It is estimated that the hepatitis B virus, a serious global public health problem, affects more than 250 million people [1]. As a cause of chronic liver infection, this viral infection can cause liver cirrhosis and hepatocellular carcinoma over time. Although there are many invasive and noninvasive methods to detect these complications, liver biopsy remains the main method for determining the level of necroinflammation and making the diagnosis and treatment decisions [2]. However, as an invasive method, liver biopsy is not the preferred method in every case due to the risk of bleeding, the possibility of incorrect sampling, and its painful nature [3]. In this sense, noninvasive methods can come into prominence as important tools for diagnosis and follow-up of treatment outcomes.

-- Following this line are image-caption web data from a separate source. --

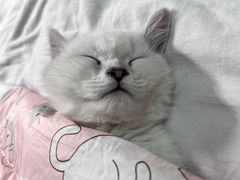 -欣宠猫屋·矮脚拿破仑·蓝金金渐层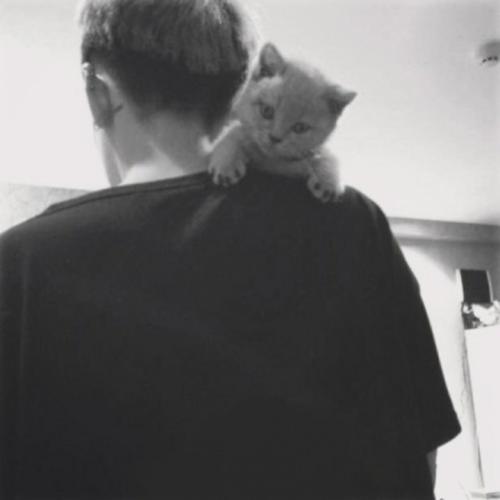 情侣头像简单黑白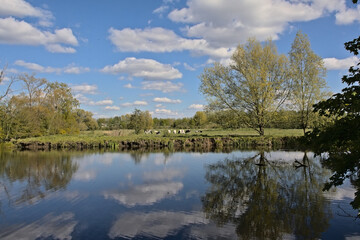 Fototapeta premium Pool with reflection of trees, blue sky and clouds on a sunny spring day in Bourgoyen nature reserve, Ghent, Flanders, Belgium 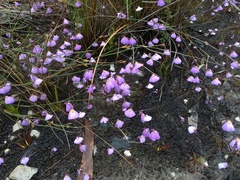 Utricularia barkeri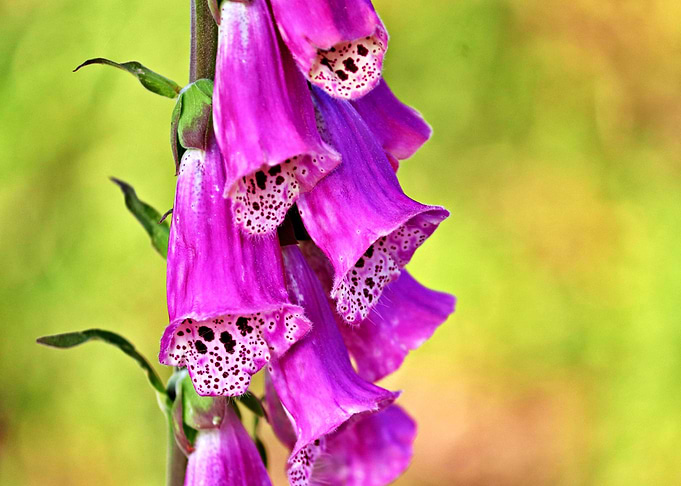 Beautiful Foxglove Flower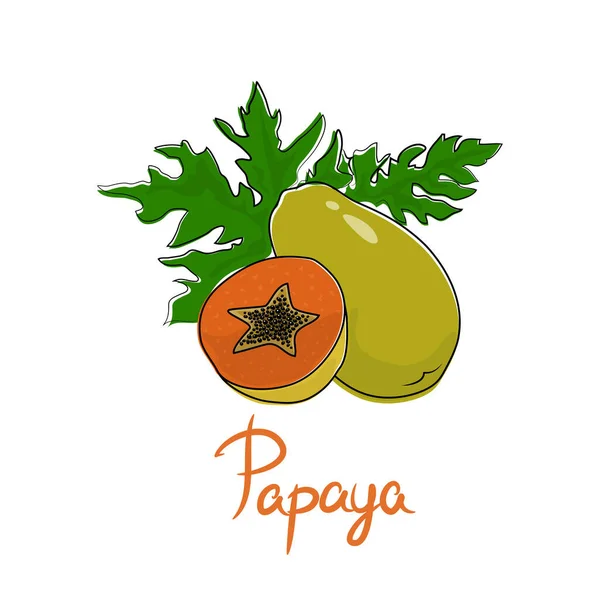 Pawpaw Text Papaya Tropical Fruit Isolated White Background Vector Illustration — стоковый вектор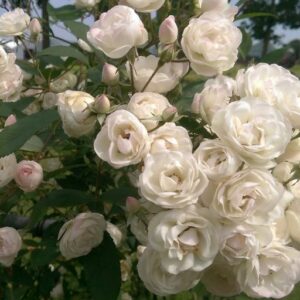 Роза Blushing Bride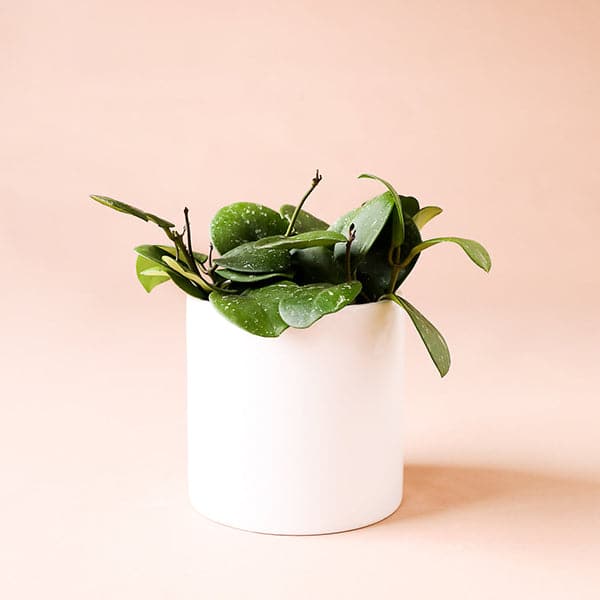 Hoya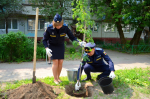 Приставы озеленили улицу Никитина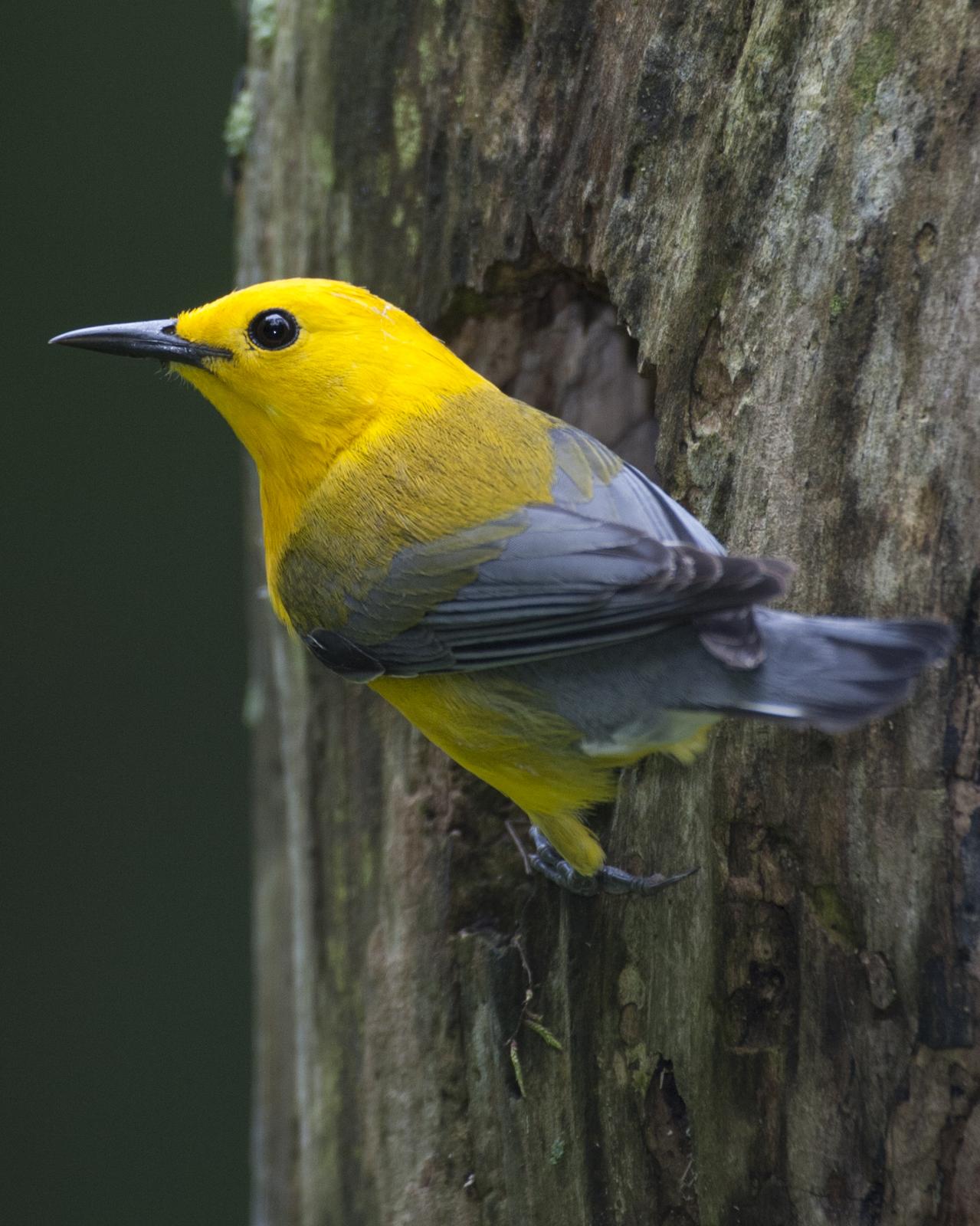 Prothonotary Warbler Photo by Jeff Moore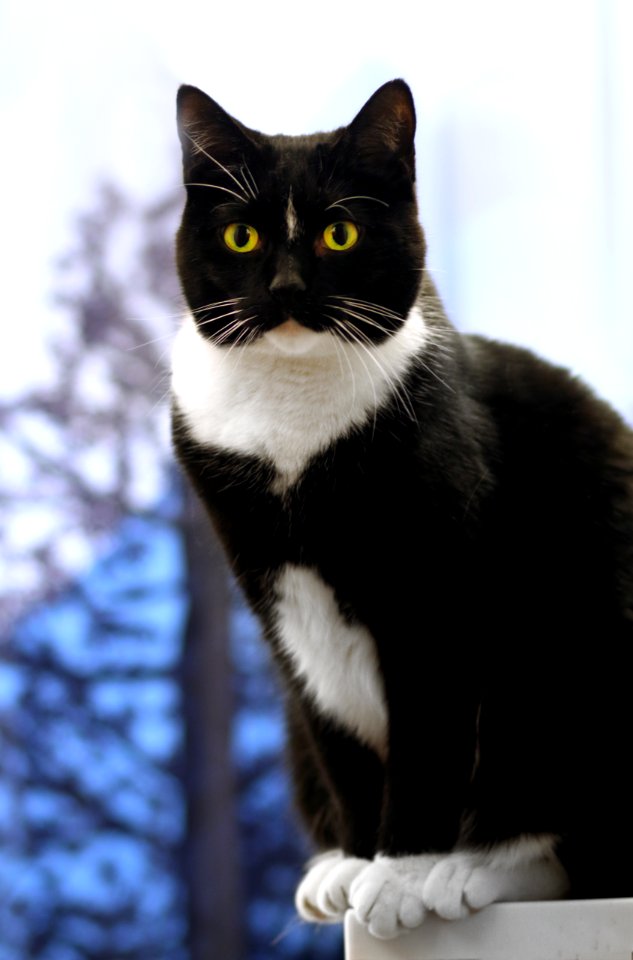 Cat, Poise, Fur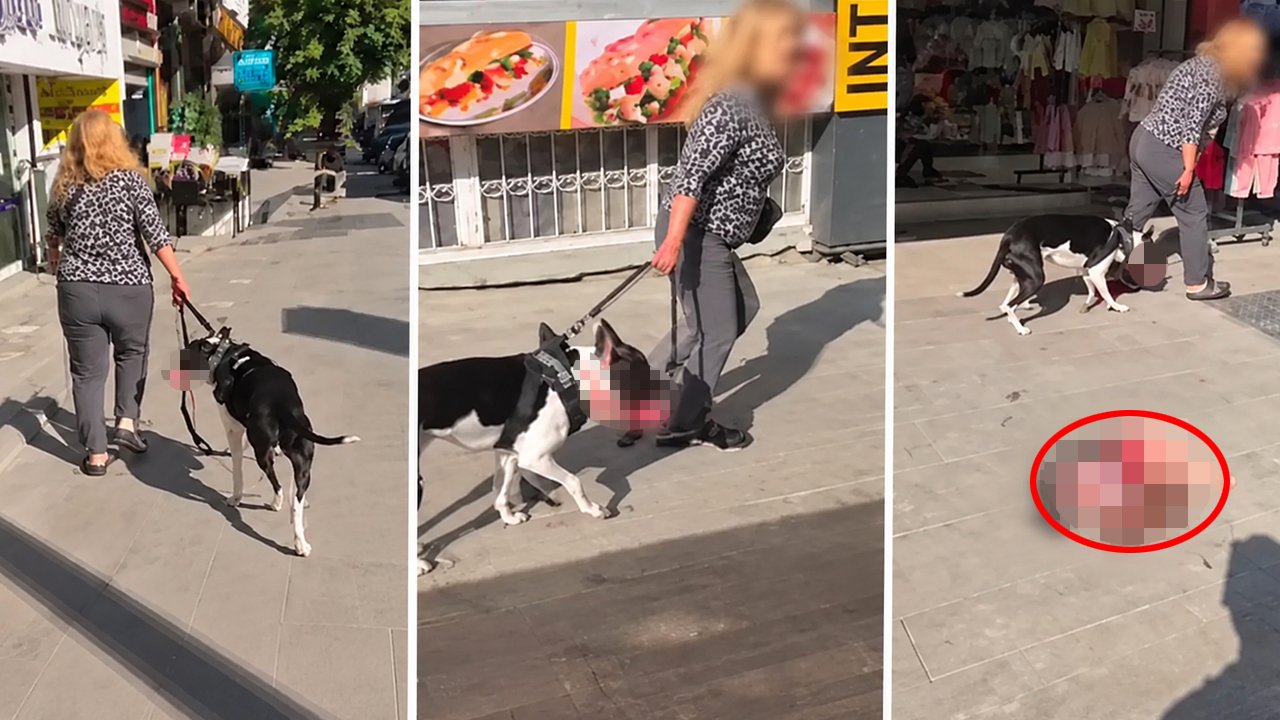 Pitbull cinsi köpek, kediyi parçaladı: Pişkin sahibine verilen ceza belli oldu!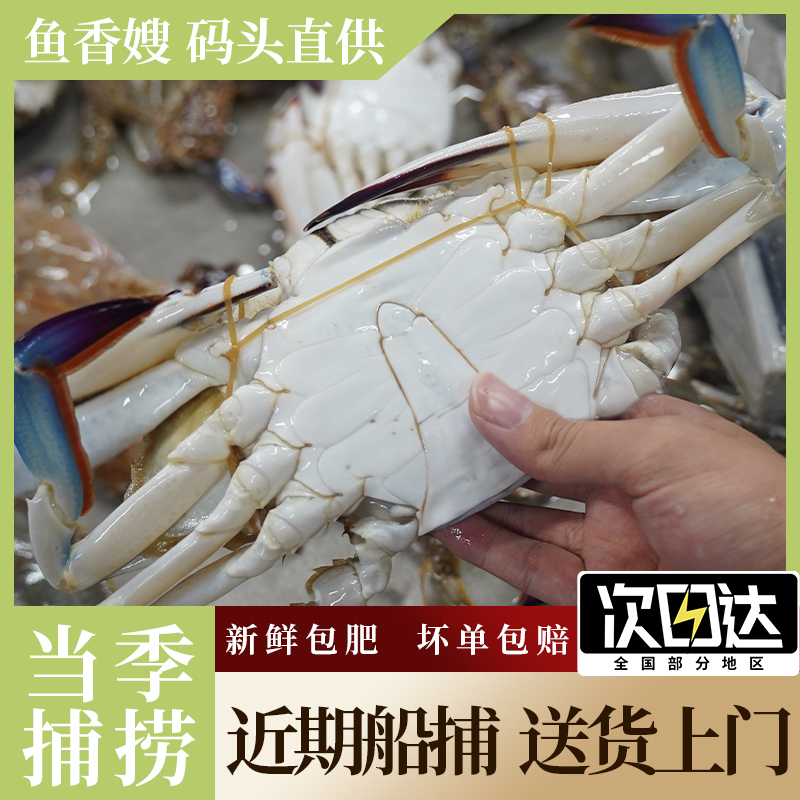 舟山梭子蟹鲜活特大新鲜冷冻螃蟹白蟹3-9两公蟹多只规格3斤【冻蟹】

Chronic hepatitis B patients are mostly inactive hepatitis B virus carriers, which transform into liver cirrhosis and hepatocellular carcinoma, albeit to a lesser extent later [4]. In these patients, it is important to monitor the development of hepatic cirrhosis and hepatocellular cancer, and hepatic tissue sampling is still an important tool for diagnosing hepatocellular cancer. It is important to determine the level of inflammation and chronicity using noninvasive methods among inactive hepatitis B carriers. Neutrophil-lymphocyte ratio (NLR) and mean platelet volume (MPV) represent inexpensive, easy-to-access, and easy-to-interpret markers calculated from full blood count parameters that are studied in almost every healthcare facility. The particularly neutrophil-lymphocyte ratio is considered to have an ability to guide mortality prediction in liver failure complicating acute and chronic hepatitis and to determine recurrent hepatocellular carcinoma cases after liver transplant [5, 6]. Although there is a limited number of studies on this subject, NLR levels are low in liver fibrosis cases (4). NLR can be an ancillary marker of both liver injury and malignancy potential. MPV, another hematological parameter, has the potential as a marker of inflammatory conditions along with atherosclerosis-related disorders [7, 8]. Herein, our objective was to quantify several hemogram measurements like NLR, platelet lymphocyte ratio (PLR), and MPV and to determine their relationship with inflammation in hepatitis B infection (HBV).

MATERIALS AND METHODS

This study included 94 patients aged 2–18 years, who were under follow-up at our hospital for hepatitis B infection between January 1st, 2005 and December 31st, 2015 as the patient group. The control group was composed of 88 healthy children of similar age and sex. All patients’ medical records and digital data on the hospital automation system were retrospectively reviewed. Patients who had positive hepatitis B surface antigen (HBsAg) for a minimum of six months and who were considered inactive hepatitis B carriers (hepatitis B virus e-antigen (HBeAg) negativity and normal alanine aminotransferase (ALT) levels in two separate measurements) were enrolled. HBV DNA; glucose; ALT; gamma-glutamyl transferase; albumin; prothrombin time; activated partial thromboplastin time; and the hemogram parameters, such as white blood cell, neutrophil, lymphocyte, platelet counts, and MPV were measured. NLR was calculated by taking the neutrophil-lymphocyte ratio. Likewise, PLR and PLT/MPV ratio were similarly obtained and recorded.

Blood samples were taken into glass tubes containing a standard amount of ethylenediaminetetraacetic acid and analyzed in our hospital’s central biochemistry laboratory using a regularly calibrated device (Sysmex xn-1000 sa-01).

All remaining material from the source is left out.